Raise your hand if you think one of the benefits of school is it keeps us organized. If you raised your hand, you aren’t alone. One of the biggest fears and frustrations about homeschooling is the daunting task of staying organized. Here are 5 tips to help you get and stay organized in a deschooled home education.
1. Pick 5 things that are the most important, then let the rest go. One of the problems with homeschooling is we have this idea that we have to do every little thing. And that everything we do has to be in order, on schedule and in compliance with the invisible homeschooling perfect mom criteria. All of this gets overwhelming, and then we either end up giving up altogether, or we kill ourselves trying to keep up. The truth is, very little matters so much that if we didn’t do it, our world would fall apart. And among those things that matter this much, our own fears are usually far worse than the reality of not doing what we “are supposed to.” So, pick 5 things that are the most important to keep organized, and then focus on those 5 things. If the other stuff gets done, excellent. It’s icing.

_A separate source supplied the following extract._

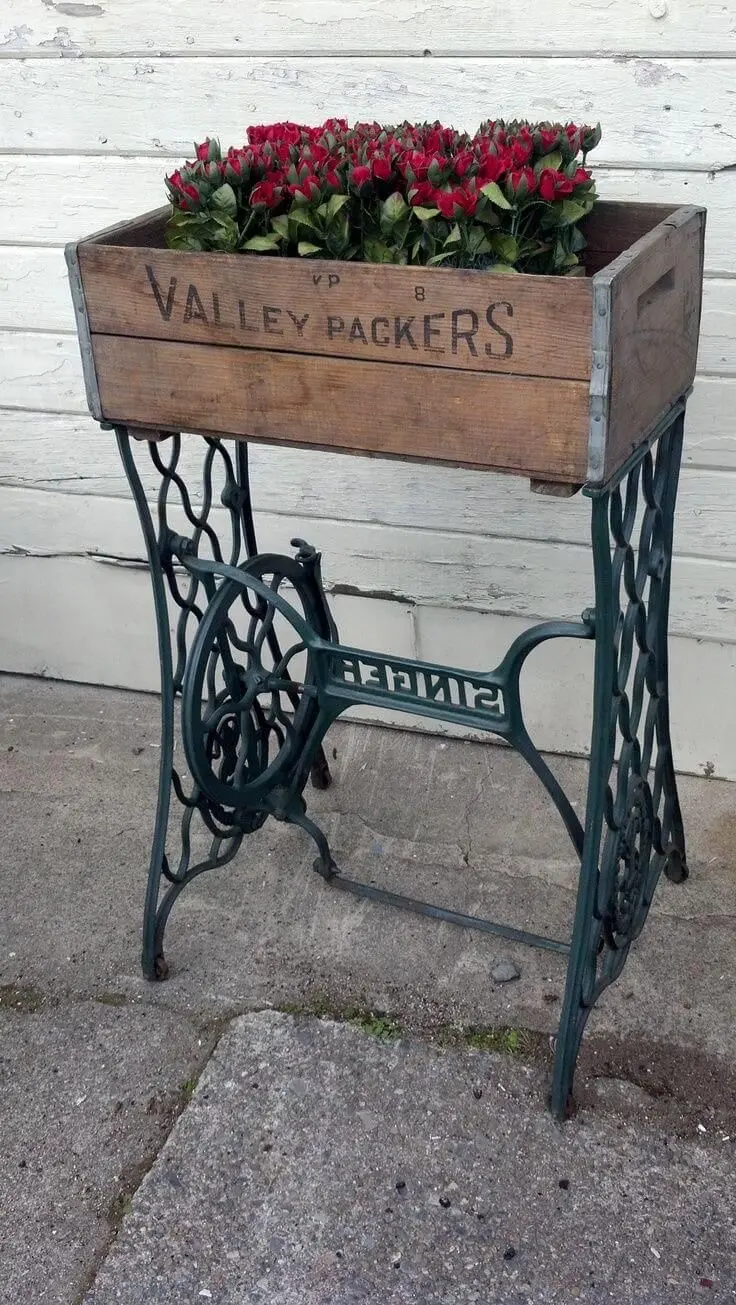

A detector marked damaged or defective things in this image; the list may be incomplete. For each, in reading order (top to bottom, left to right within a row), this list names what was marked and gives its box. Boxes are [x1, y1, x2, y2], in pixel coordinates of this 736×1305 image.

cracked pavement [0, 678, 730, 1299]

2. Get everyone involved in the organization program. Often times, homeschooling moms work super hard to get organized, only to have it all messed up by someone who isn’t on the same page about the organization system. When we get everyone involved in organization, we all have a vested interest in keeping things organized. My son’s room was a big mess. When I cleaned it myself, it got unclean again very quickly. At first, my way of getting him involved was to ask him to keep his room clean enough that I could make it to his bed in the middle of night to save him from a fire, without tripping over his toys or slipping on his clothes. He had a vested interest in me saving him in a fire, so he kept a path to his door clean. Then, one day, he had a sleepover with two of his cousins. I told him that his cousins wouldn’t be able to sleep in his room if his room wasn’t clean, and there wasn’t enough room in the living room for them all to fit. He really wanted them to sleep in his room, so he was motivated to clean it. We worked together (actually, that was mostly my husband and my son working together), to make his room more organized so the things on the floor would have a place. Overall, his room has stayed relatively organized, because he was voluntarily involved in the process of getting it together.

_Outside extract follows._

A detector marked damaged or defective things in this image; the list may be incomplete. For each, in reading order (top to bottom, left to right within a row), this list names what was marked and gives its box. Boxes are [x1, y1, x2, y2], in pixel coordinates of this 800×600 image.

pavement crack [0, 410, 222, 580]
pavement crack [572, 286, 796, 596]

3. Make it a game. Instead of being a chore, organizing and cleaning can be a game. It can be any kind of game from “who can find the most Polly Pocket clothes” to “let’s see if we can find anything to sell at the garage sale this weekend ” to “Did you know we still had this?” (it becomes a game of who can find the most off-the-wall thing that we didn’t know we had.) I also make organizing a game for myself as well. My game is, ‘How much of the stuff on my desk can I throw away, give away or put on my husband’s desk?”
4. Have less stuff. The less stuff we have, the less we have to organize. If the idea of being organized is overwhelming, maybe the problem is that there really is too much to have to deal with. Reduce the amount we have to deal with, and suddenly, it becomes easier. Have a garage sale, give away books to the library, or give away to the local charity. If you’re having trouble organizing the “school” stuff in your lives, same thing holds true – maybe you’re doing too much. Do you REALLY need to have every single detail of a child’s learning be recorded? Does it matter exactly how often or how much time is devote to math or science? Are you putting too much importance on numbers and quantities, and how it might look from the outside? If we’re talking about not being organized enough to remember when to go to classes or forgetting about play dates, again, think about doing less, and let the kids help keep track of the stuff that they are interested in. It’s funny how the stuff we really want to do, we don’t have any trouble organizing that.
5. Get away from the house and do enjoyable or relaxing activities. Everything we are doing can seem very overwhelming when we are in the midst of it all. Toys, books, clothes, schedules, have-tos, dishes, everything… all that stuff is in the house. It’s daunting, taunting, and all around annoying. Getting away from the house gives us space to think about what’s really important. It also re-fills our energy tanks, so when we come home, we’re able to see our problems with new eyes, and renewed motivation. If you find that going out makes you tired, and not wanting to do anything when you get home, you still win, because at least while you were out, you didn’t make your house even less organized than it was before.
Everyone has a personal organization style. What’s your style? How do you get organized? What was your bigged issue? Did you figure out a way to get through it? If so, how?